Seit einem Jahr aber, seit die AfD mehr als ein Viertel der Kreistagsmandate, 248 von insgesamt 942 Sitzen, innehat und in manchen Kommunalparlamenten ihre Präsenz verdoppelte, wird die Schlagzahl höher. Sei es, dass die AfD als Mehrheitsbeschaffer dient oder ein AfD-Antrag mehrheitlich beschlossen wird.
Einen Kreistagsvorsitz errang die AfD in keinem der elf Kreistage, in denen sie einen Kandidaten aufgestellt hatte. "Bei den konstituierenden Sitzungen hat sie gehalten, aber es gibt ordentlich Druck auf der Brandmauer", sagt Christoph Schulze, Rechtsextremismusforscher am Moses-Mendelssohn-Zentrum in Potsdam. Er definiert den Begriff Brandmauer als "das Bemühen der demokratischen Akteure, nicht auf die Unterstützung der AfD angewiesen zu sein." In den konstituierenden Sitzungen beobachtete er "die prinzipielle Bereitschaft von Nicht-AfD-Mitgliedern, für AfD-Kandidaten zu stimmen". Dies deutet darauf hin, dass sich "Normalisierungstendenzen verstärken könnten", sagt Schulze.
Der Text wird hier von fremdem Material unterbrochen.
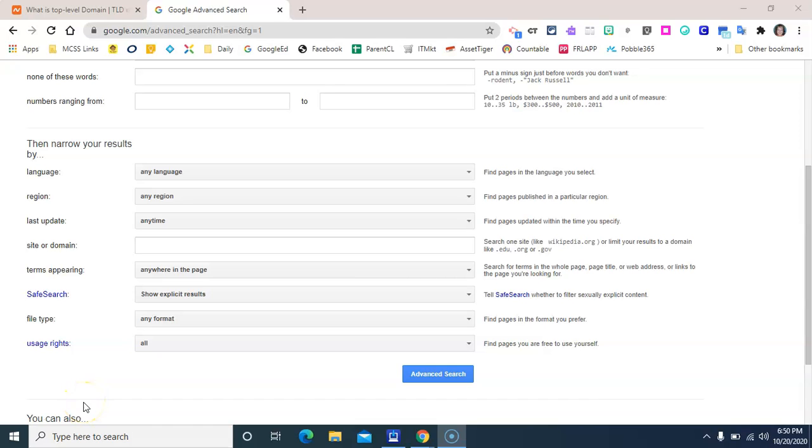In this video I'm going to explain how to use the site or domain filter on the advanced Google search page to refine your search results. But first, it's necessary to understand what a top level domain is.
In einem Gastbeitrag für die rechtsextreme Zeitschrift "Sezession" schrieben AfD-Landeschef René Springer und Landtagsfraktionschef Hans-Christoph Berndt 2022: "In den Kommunen sind die Mauern für die AfD am niedrigsten. (...) Hier geht es um Sachfragen, hier hat die Politik das Gesicht des Nachbarn. Hier ist als Fundamentalopposition nichts, aber als Volkspartei viel zu gewinnen."
CDU, FDP und Wählergruppen kooperieren
Bereits in der Wahlperiode 2019 bis 2024 fanden in Brandenburger Kreisen und kreisfreien Städten 99 AfD-Anträge mehr Stimmen als AfD-Abgeordnete in der jeweiligen Sitzung anwesend waren, listet eine Analyse des Wissenschaftszentrums Berlin zur Sozialforschung (WZB) auf. Dabei handelte es sich um 91 inhaltliche und um acht personelle Kooperationen. Bei 41 AfD-Anträgen kamen mindestens zehn Prozent der Stimmen von Nicht-AfD-Mitgliedern. Am häufigsten fanden AfD-Anträge in Cottbus (85 Prozent von allen AfD-Anträgen), Oder-Spree (52,8 Prozent) und Brandenburg an der Havel (52,4 Prozent) Zuspruch aus dem Nicht-AfD-Lager. "Parteipolitisch sind es gerade kleinere Parteien, die besonders häufig mit der AfD kooperieren, gefolgt von FDP und CDU", schreiben die Wissenschaftler Wolfgang Schroeder, Daniel Ziblatt und Florian Bochert. Auf der kommunalen Ebene seien pragmatisches Verhalten, Kooperationsfähigkeit und damit auch der Konsensdruck sehr ausgeprägt.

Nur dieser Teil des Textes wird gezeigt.